◆ Aim of the exercise ◆
Exactly as they appear, print the line with "Ringsteeksleutel 1952M 23mm" and each line after it through the end of the entries below; leave out pictures.

=-=-=-=-=

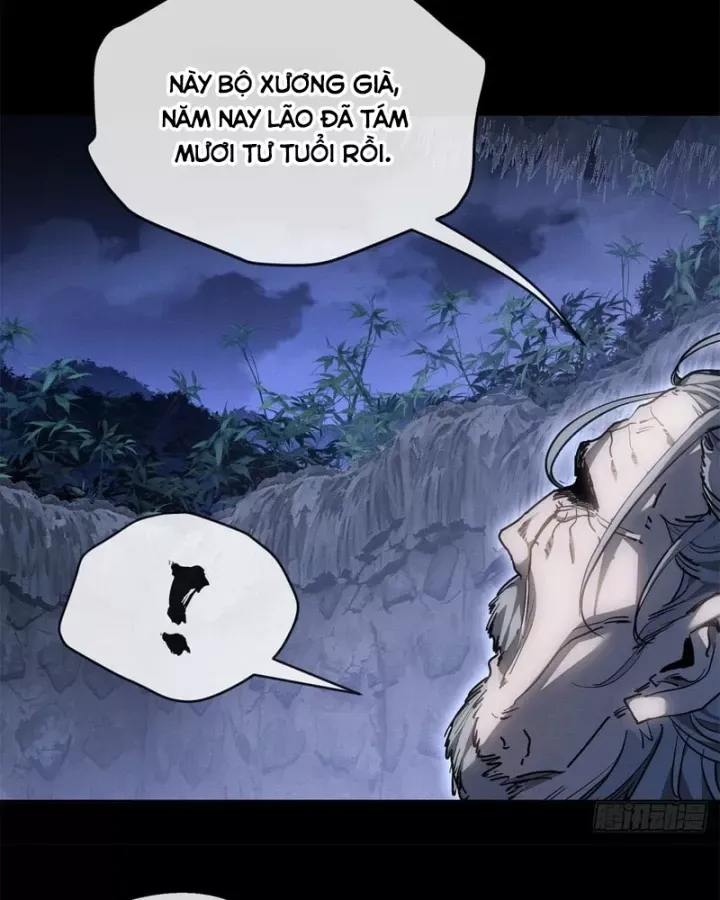 Đạo Quỷ Dị Tiên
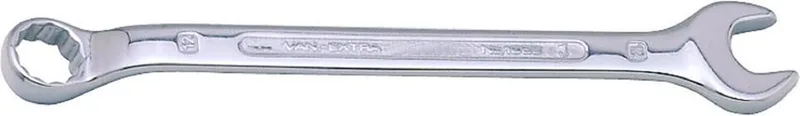 Ringsteeksleutel 1952M 23mm Chr by Bahco – product image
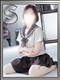 プロフィール写真 おと｜ハンドキャンパス新宿 - 新宿歌舞伎町の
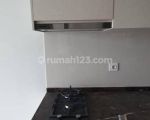 thumbnail-apartemen-puri-mansion-type-amyetis-studio-semi-furnished-5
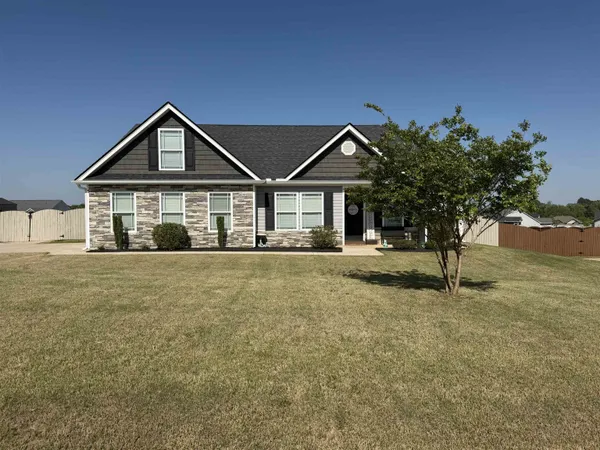 $329,900 | 333 State Rd S-42-1013, Boiling Springs, SC 29316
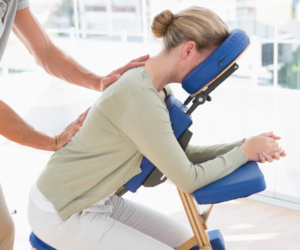 massasje-på-arbeidsplassen-soleus-referanser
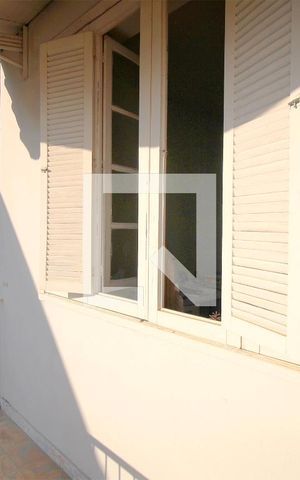 Casa à venda com 350m², 6 quartos e 2 vagasVaranda do Quarto 1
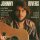 Johnny Rivers - Rockin Pneumonia - Boogie Woogie Flu [7 Vinyl Single] | United Artists Records  | Germany, 1972 | VG/VG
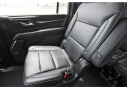 Thumbnail image of 2022 GMC Yukon XL at RobbinsChevroletUsed of Humble, TX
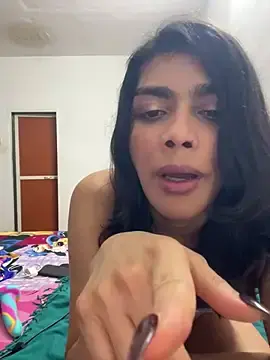 Stripchat Best live sex cam show of Mayra_xx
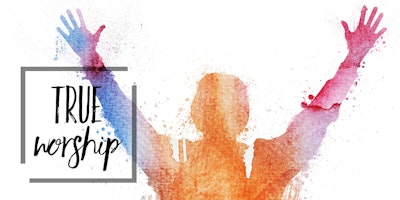 Open Door Church 2018 Women S Conference True Worship
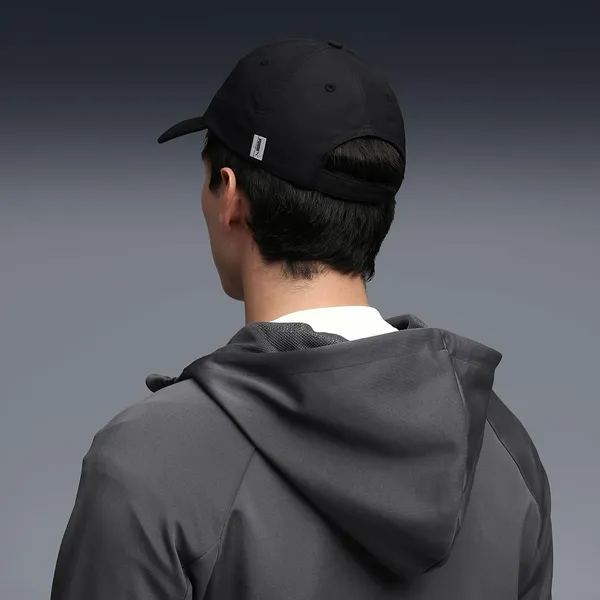 Puma_Unisex_Adult_Training_Mesh_Cap_Black_2743501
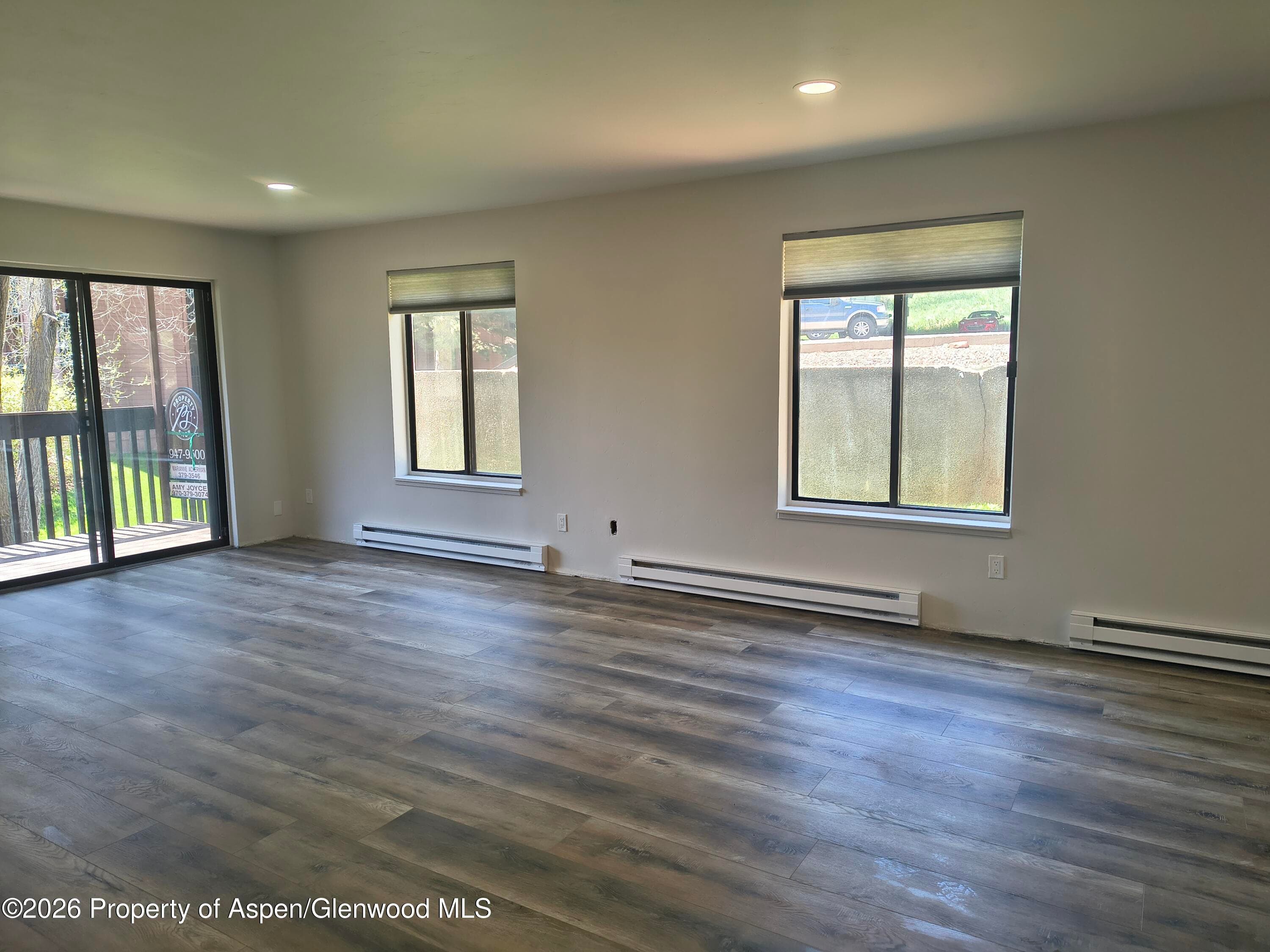 2820 Hager Lane 1-D, Glenwood Springs, CO 81601 - Photo 3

=-=-=-=-=

◆ Problem solution ◆
 Ringsteeksleutel 1952M 23mm Chr by Bahco – product image
 プロフィール写真 おと｜ハンドキャンパス新宿 - 新宿歌舞伎町の
 thumbnail-apartemen-puri-mansion-type-amyetis-studio-semi-furnished-5
 $329,900 | 333 State Rd S-42-1013, Boiling Springs, SC 29316
 massasje-på-arbeidsplassen-soleus-referanser
 Casa à venda com 350m², 6 quartos e 2 vagasVaranda do Quarto 1
 Johnny Rivers - Rockin Pneumonia - Boogie Woogie Flu [7 Vinyl Single] | United Artists Records  | Germany, 1972 | VG/VG
 Thumbnail image of 2022 GMC Yukon XL at RobbinsChevroletUsed of Humble, TX
 Stripchat Best live sex cam show of Mayra_xx
 Open Door Church 2018 Women S Conference True Worship
 Puma_Unisex_Adult_Training_Mesh_Cap_Black_2743501
 2820 Hager Lane 1-D, Glenwood Springs, CO 81601 - Photo 3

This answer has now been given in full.